DIRECTIONS:
Filter the entries for the word "with". Copy each line in which it occurs.

EXERCISE DATA: Begin

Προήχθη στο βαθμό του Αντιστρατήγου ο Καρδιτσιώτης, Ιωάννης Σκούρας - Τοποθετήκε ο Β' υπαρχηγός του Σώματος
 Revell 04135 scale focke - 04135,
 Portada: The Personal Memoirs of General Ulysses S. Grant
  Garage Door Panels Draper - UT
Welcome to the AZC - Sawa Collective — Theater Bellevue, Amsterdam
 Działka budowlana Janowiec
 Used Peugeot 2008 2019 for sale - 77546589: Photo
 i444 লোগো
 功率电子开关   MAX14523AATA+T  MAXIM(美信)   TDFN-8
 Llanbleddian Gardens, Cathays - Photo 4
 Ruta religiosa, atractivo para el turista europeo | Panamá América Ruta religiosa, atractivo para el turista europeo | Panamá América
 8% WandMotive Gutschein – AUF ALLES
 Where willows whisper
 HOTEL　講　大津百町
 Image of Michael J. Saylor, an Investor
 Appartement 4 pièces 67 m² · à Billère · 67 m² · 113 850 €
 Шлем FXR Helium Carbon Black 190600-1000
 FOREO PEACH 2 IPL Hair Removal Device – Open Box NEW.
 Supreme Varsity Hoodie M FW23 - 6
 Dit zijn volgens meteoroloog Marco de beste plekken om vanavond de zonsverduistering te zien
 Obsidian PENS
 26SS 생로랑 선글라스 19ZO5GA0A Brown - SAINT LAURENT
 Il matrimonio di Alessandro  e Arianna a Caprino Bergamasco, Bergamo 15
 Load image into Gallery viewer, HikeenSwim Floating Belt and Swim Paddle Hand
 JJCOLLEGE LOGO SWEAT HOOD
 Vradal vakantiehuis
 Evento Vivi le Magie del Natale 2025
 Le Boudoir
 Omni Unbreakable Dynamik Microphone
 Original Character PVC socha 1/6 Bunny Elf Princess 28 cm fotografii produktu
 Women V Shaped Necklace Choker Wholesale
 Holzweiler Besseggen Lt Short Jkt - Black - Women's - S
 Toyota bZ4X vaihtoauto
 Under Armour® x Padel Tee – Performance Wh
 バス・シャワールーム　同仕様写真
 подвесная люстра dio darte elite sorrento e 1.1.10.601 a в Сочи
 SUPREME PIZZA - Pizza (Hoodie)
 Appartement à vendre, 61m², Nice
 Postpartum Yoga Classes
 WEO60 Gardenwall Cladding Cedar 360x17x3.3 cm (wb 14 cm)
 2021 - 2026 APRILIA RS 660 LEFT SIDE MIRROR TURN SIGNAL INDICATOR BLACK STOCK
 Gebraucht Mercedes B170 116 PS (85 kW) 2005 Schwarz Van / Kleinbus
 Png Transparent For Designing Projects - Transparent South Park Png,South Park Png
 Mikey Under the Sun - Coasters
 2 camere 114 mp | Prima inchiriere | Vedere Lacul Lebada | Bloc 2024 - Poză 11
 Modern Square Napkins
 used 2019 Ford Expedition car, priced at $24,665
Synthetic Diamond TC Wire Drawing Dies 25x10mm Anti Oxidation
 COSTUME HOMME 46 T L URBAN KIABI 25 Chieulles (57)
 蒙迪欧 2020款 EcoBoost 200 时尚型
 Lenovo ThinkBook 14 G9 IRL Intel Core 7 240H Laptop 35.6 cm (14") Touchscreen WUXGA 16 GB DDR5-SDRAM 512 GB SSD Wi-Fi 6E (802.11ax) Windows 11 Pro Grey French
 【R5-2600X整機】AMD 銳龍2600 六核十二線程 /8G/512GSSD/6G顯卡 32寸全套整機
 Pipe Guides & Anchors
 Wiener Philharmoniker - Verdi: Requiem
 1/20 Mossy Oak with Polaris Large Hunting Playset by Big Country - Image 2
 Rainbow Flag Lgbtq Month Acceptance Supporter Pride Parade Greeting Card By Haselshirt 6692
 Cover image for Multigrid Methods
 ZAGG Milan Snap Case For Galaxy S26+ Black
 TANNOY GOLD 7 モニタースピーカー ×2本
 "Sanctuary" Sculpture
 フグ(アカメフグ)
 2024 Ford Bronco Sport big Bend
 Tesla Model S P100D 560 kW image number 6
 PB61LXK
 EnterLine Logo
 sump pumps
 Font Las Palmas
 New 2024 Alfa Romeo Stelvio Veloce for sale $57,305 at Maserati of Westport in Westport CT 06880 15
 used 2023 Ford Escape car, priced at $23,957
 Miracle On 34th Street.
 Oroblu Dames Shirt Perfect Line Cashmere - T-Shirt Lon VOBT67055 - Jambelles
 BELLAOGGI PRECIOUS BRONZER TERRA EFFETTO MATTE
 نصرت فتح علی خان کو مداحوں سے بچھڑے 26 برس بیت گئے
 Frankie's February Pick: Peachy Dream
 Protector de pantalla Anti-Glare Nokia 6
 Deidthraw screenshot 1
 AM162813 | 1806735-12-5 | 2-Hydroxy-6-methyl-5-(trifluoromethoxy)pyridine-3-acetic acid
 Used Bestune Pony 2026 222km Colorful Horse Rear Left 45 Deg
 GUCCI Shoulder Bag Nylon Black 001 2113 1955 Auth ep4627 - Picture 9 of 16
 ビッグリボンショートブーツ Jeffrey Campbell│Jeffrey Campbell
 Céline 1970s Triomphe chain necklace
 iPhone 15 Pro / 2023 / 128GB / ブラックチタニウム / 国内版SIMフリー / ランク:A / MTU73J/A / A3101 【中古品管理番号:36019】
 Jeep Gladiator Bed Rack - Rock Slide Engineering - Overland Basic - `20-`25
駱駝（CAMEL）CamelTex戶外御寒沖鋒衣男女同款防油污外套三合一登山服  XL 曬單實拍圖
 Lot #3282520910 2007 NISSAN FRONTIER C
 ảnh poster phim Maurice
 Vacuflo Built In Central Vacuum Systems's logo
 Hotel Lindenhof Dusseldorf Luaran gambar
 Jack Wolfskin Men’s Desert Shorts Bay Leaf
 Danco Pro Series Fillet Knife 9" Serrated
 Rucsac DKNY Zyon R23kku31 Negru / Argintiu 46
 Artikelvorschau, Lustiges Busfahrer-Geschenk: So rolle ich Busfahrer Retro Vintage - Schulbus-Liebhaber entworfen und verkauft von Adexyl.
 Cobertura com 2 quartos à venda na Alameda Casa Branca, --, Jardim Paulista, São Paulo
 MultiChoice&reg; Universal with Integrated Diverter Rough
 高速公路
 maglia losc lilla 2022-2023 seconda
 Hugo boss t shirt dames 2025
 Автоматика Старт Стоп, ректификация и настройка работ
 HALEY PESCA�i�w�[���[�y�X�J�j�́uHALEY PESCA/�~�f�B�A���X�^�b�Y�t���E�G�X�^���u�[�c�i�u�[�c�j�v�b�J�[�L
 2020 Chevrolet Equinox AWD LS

EXERCISE DATA: End

WRITTEN REPLY:
 1/20 Mossy Oak with Polaris Large Hunting Playset by Big Country - Image 2
 MultiChoice&reg; Universal with Integrated Diverter Rough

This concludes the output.